Waldohreule Asio otus

Waldohreule
Waldohreule (© Hans Glader)

Unter den Kandidaten für den Vogel des Jahres findet sich eine weitere Eulenart, mit der Waldohreule vielleicht die unbekannteste unter den weit verbreiteten Eulenarten. Äußerlich erinnern Waldohreulen mit ihrem braunen Gefieder, den auffälligen Federohren und orangen Augen an die viel größeren Uhus. Auch der Gesang, ein in kurzem Abstand wiederholtes „Hu“, erinnert an den großen Cousin und ist vielleicht eine Form von Mimikry.

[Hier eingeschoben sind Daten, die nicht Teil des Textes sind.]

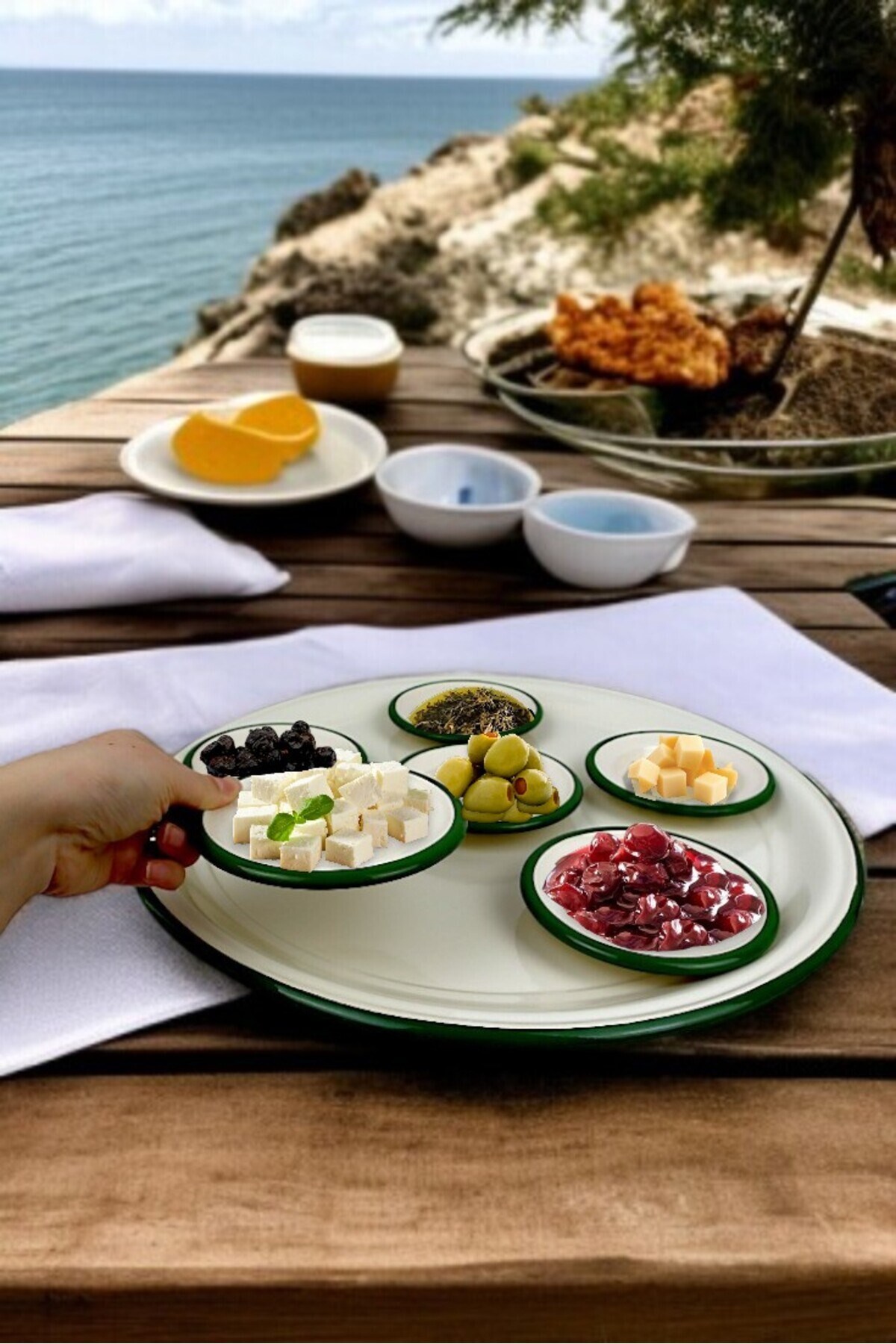 7 Parça Büyükboy Yeşil-Krem Emaye Kahvaltı Seti, Sunum, Kahvaltı Tabağı, Reçellik, Çeyiz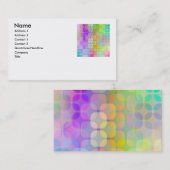 transparant kleurrijk retropatroon, naam, adres... visitekaartje (Voorkant / Achterkant)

In NRW kommen Waldohreulen in allen Großregion vor und leben sowohl im Tiefland als auch im Mittelgebirge. Anders als der Name vermuten lässt, brüten Waldohreulen eher in Feldgehölzen oder am Waldrand. Sie leben auch in Siedlungen, z.B. in Parks und großen Gärten, wo alte Rabenkrähen- und Elsternester Brutmöglichkeiten bieten. Waldohreulen zu beobachten ist aufgrund der heimlichen Lebensweise nicht einfach. Am auffälligsten sind sicherlich die hohen Bettellaute der Jungvögel. Im Winter bilden Waldohreulen nicht selten Schlafgemeinschaften und sind dann auch tagsüber zu beobachten. Der Wahlspruch „Ohren auf, Vielfalt an“ weist darauf hin, dass Waldohreulen auf eine reich strukturierte artenreiche Landschaft angewiesen sind. Hier jagen sie ihre Beute, vor allem Kleinsäuger. Ähnlich wie bei der Schleiereule kommt es auch bei Waldohreulen zu Verlusten im Verkehr. Für den Atlaszeitraum vor mehr als 15 Jahren werden für NRW 2500-5500 Reviere angegeben, wobei Schwerpunktvorkommen im Münsterland liegen. Bestandabnahmen haben dazu geführt, dass Waldohreulen in NRW als „gefährdet“ in der Roten Liste der Brutvögel geführt werden müssen.

 

 

Amsel Turdus merula

Amsel
Amsel (© Hans Glader)

Amseln sind in NRW die häufigsten Brutvögel im Siedlungsbereich und bedürfen eigentlich kaum einer weiteren Vorstellung. Die ehemaligen scheuen Bewohner schattiger Wälder singen auf Hausdächern und fehlen selbst in Hochhaussiedlungen nicht, sofern es einzelne Bäume oder Gebüsche gibt. Regenwürmer werden auf kurzrasigen Flächen inklusive Vorgärten und Sportplätzen gesucht. Amseln können mehrfach im Jahr brüten und so Verluste meist wieder ausgleichen. In NRW sind sie ganzjährig zu beobachten. Amseln stehen also stellvertretend für die Artenvielfalt im Siedlungsbereich. Darauf weist auch der Wahlspruch von NABU und LBV „Beeren statt Beton“ hin. Insbesondere außerhalb der Brutzeit fressen Amseln wie die meisten Drosseln an Früchten. Jetzt im Herbst sieht man sie beispielsweise an Weißdornbeeren und auch heruntergefallene Äpfel werden genommen. In versiegelten „Gärten des Grauens“, wie Stein- und Betongärten vor allem im Internet vielfach genannt werden, finden selbst Amseln keine Nahrungs- und Brutmöglichkeiten. Die Amselbestände sind in den letzten Jahren zudem regional durch Ausbrüche des Usutu-Virus reduziert worden. Fachpublikationen, die das genaue Ausmaß in NRW explizit und genau beleuchten, gibt es aber nicht. Junge Amseln werden nicht selten Opfer von Hauskatzen und Amseln werden Opfer des Straßenverkehrs. Es gibt also durchaus Naturschutzthemen, die anhand der Amsel beleuchtet werden können. Der Kurzzeittrend in NRW gilt laut letzter Roter Liste als stabil. Der Brutvogelatlas gab eine Bestandsspanne von 930.000 bis 1.100.000 Brutpaaren für NRW an.